SUPPLIED INFORMATION:

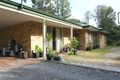 Property photo of 17 Grevillea Road Dwellingup WA 6213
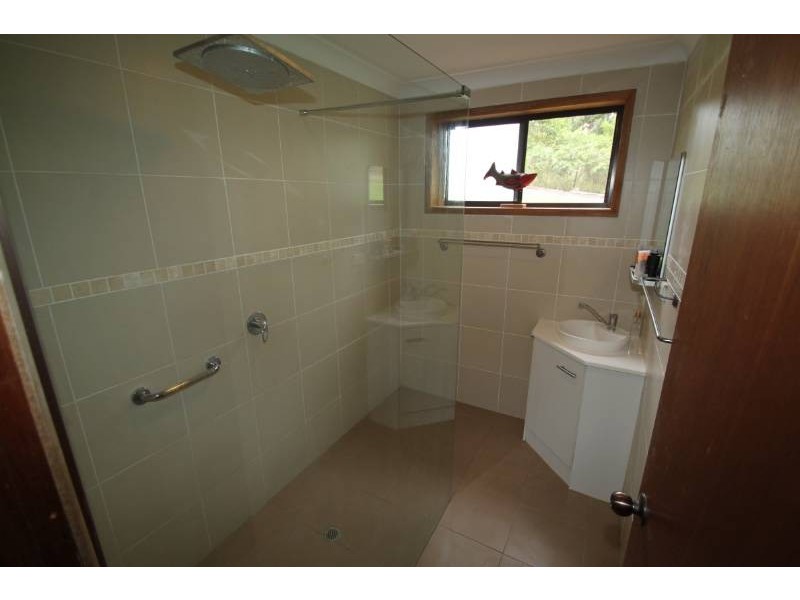 3/59 Doyle Street, Macmasters Beach NSW 2251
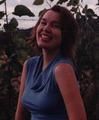 Ila Herting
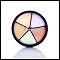 Sonya Colour Concealer Wheel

DIRECTIONS:
Word for word, restate only the lines from the one bearing "3/59 Doyle Street, Macmasters Beach NSW 2251" through the final line of the listing, inclusive, with no pictures.

SOLUTION TO THIS PROBLEM:
 3/59 Doyle Street, Macmasters Beach NSW 2251
 Ila Herting
 Sonya Colour Concealer Wheel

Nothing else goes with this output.